For our BME senior project, we are acquiring ECG signals from a person using sensorDAQ system and then analyzing the signals to measure heart rate as well as test for HCM. We've created a VI for measuring the heart-rate but the values that our VI gives us make no sense (1500, 721, 5000...). I've attached our VI with this message, can someone please take a look at it and tell me what we are doing wrong?

 

Also, we want to test for HCM in the ECG signals, indicated by an inverted T wave. How do we go about doing that in Labview?

 

Thanks a lot!

 

0 Kudos
Message 1 of 8
(3,741 Views)

I found a VI (attached with this post) in the LifeScience discussion forum which seems to do a very good job of calculating the heart rate. How do we modify  this to work with our sensorDAQ system?

 

Thanks! 

0 Kudos
Message 2 of 8
(3,738 Views)

Good find.  Just double click on the DAQ Assistant Express VI and set the parameters to match your system.  For instance, set Acquisition Mode to N Samples, Samples to Read to 5000, Rate to 1k, add your physical channels to the Configuration tab, etc....  This VI does all your homework for you.  You should learn how it works by studying all the functions that it uses.

 

- tbob

Inventor of the WORM Global
0 Kudos
Message 3 of 8
(3,730 Views)

Thanks for the reply!

 

However, I don't understand why we extract the waveform components and rebuild the waveform from output data from each filter and denoised waveform. Can you please explain that?

 

Thanks!

 

0 Kudos
Message 4 of 8
(3,680 Views)

Hi Sco88,

 

You may also find some useful information, links, resources, etc. related to ECG acquisition and analysis on the NI Biomedical User Group website - check it out.

 

Steve

0 Kudos
Message 5 of 8
(3,675 Views)

Sco88 wrote:

Thanks for the reply!

 

However, I don't understand why we extract the waveform components and rebuild the waveform from output data from each filter and denoised waveform.
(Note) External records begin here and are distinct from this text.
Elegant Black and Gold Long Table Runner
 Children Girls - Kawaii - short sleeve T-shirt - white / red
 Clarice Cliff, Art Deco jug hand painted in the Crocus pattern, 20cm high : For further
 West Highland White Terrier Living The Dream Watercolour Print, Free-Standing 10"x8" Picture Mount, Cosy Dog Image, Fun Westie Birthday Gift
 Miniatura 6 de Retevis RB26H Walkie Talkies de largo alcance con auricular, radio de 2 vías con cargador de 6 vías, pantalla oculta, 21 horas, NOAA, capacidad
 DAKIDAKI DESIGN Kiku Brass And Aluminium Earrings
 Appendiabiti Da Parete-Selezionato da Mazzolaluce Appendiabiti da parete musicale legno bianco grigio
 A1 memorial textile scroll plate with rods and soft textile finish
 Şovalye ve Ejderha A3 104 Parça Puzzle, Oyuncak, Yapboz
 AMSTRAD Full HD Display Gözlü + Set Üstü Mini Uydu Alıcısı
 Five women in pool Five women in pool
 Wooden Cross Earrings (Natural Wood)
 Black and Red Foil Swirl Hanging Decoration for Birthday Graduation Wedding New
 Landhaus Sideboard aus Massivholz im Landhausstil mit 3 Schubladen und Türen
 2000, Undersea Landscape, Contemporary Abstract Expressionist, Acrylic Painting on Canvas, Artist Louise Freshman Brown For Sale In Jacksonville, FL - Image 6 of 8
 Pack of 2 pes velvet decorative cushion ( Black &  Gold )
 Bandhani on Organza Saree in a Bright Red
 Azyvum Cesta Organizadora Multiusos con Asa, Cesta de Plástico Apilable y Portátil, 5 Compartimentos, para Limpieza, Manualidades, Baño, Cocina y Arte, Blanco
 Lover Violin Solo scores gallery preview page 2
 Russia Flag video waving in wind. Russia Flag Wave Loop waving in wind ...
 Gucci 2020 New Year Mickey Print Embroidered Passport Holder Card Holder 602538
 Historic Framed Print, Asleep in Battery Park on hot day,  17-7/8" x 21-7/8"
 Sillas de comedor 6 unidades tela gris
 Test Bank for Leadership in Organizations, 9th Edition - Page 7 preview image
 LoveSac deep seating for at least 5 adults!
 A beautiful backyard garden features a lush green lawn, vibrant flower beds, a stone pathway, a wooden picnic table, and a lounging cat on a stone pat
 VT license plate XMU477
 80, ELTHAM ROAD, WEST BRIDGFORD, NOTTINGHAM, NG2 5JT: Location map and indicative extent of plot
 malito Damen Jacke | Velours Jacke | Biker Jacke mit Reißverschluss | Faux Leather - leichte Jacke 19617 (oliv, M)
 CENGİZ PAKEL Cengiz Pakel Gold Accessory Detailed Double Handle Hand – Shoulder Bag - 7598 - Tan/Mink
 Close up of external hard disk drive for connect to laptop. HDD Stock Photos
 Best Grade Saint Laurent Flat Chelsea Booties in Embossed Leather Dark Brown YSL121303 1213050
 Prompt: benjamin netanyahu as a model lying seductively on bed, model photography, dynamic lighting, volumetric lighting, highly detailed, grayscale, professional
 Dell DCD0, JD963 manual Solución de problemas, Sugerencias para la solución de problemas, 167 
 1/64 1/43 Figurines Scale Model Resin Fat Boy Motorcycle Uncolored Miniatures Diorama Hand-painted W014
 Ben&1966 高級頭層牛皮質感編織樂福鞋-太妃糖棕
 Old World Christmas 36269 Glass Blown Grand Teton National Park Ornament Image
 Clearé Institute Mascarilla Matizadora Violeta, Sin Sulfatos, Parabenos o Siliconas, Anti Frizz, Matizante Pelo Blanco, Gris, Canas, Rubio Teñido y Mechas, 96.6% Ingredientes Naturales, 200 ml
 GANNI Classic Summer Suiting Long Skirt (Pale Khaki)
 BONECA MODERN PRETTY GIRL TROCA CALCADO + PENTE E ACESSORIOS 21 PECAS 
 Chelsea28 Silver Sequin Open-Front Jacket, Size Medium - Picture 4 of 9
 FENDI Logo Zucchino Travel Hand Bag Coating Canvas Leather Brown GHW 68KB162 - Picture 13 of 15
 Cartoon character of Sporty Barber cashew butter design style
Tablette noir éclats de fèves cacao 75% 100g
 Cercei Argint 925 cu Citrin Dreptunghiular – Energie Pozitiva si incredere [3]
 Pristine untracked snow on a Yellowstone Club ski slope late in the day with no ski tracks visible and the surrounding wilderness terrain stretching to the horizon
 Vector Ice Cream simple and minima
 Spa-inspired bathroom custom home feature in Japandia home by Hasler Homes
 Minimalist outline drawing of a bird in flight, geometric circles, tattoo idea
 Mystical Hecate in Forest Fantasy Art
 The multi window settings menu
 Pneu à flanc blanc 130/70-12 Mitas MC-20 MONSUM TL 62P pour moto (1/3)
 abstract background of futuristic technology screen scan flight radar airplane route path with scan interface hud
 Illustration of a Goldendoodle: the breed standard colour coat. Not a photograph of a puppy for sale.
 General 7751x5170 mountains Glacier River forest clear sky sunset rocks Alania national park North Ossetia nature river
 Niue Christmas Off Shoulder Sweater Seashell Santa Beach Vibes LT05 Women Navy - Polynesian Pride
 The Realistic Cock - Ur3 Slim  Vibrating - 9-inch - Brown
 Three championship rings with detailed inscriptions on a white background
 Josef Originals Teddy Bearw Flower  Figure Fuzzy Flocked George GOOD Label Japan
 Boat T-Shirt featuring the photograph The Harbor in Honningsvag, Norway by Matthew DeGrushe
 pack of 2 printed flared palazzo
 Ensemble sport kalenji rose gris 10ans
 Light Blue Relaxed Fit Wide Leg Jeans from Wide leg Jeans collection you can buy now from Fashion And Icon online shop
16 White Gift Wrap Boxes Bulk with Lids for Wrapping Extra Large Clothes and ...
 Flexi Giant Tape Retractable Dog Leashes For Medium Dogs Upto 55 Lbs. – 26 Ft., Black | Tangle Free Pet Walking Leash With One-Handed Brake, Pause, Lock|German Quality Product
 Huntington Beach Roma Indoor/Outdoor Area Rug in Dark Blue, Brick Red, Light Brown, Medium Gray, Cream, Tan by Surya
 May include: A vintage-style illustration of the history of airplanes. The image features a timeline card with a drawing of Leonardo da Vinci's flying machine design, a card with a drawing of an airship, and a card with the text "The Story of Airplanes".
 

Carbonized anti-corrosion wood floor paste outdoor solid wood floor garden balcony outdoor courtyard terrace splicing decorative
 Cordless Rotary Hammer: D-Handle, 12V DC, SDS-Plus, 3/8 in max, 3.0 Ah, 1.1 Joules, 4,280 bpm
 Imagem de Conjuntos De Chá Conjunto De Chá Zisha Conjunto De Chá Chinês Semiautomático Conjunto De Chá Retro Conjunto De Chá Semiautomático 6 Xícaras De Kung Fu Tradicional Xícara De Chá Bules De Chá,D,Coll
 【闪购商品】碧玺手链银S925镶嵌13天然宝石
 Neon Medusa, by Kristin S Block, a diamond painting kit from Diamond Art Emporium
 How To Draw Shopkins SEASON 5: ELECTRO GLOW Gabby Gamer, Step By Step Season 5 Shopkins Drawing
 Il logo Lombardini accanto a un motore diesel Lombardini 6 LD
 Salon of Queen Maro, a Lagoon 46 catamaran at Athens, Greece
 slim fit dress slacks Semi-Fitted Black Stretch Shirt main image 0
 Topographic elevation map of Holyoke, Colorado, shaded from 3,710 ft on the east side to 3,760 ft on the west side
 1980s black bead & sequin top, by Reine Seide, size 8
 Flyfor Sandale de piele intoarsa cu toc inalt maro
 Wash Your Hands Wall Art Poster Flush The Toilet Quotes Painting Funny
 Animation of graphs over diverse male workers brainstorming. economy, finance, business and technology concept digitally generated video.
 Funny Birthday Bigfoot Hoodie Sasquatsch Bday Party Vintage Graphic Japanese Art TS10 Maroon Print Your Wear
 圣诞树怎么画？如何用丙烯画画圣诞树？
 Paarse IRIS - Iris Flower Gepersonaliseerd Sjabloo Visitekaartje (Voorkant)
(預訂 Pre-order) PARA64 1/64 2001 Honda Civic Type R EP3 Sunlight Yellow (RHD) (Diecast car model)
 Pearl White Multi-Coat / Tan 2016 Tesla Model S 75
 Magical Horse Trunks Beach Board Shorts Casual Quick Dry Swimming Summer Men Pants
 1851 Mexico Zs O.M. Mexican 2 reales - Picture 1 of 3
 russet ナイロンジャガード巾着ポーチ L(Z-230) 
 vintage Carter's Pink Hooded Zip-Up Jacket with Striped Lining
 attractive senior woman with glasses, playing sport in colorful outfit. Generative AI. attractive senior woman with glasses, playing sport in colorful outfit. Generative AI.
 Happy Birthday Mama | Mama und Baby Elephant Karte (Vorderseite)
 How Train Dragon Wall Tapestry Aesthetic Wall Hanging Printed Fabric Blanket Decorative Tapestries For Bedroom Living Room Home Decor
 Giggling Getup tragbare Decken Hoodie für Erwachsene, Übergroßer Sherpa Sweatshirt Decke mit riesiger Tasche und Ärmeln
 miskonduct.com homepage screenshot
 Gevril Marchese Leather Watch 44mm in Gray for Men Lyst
Can you please explain that?

 

Thanks!

 


 

That is mighty strange.  I don't see the purpose of extracting and rebuilding.  Just eliminate that part.

 

- tbob

Inventor of the WORM Global
0 Kudos
Message 6 of 8
(3,671 Views)

Thanks for the reply! I've attached my modified VI with this post as well as an image of the front panel. As you can see, the heart rate values are really off (they go from 16 to 42 to 83). I believe that after obtaining a couple of values for the heart rate, we would average them out to get the final value for the pulse which we can use for further analysis.

 

Also, the denoised waveform (yellow line) is the final waveform that we want to display for our project. However, it seems that the amplitude of the signal is being reduced because of the filters and detrend/denoise functions. Why does that happen?

 

 Any ideas on how to look for an inverted T wave within this signal to test for HCM?

 

Thank you!

 

Sco88

0 Kudos
Message 7 of 8
(3,663 Views)

Sorry, its been too long since I worked with heart waveforms.  Also, I can't run your vi because you have subvi's that are missing from my system.

 

- tbob

Inventor of the WORM Global
0 Kudos
Message 8 of 8
(3,661 Views)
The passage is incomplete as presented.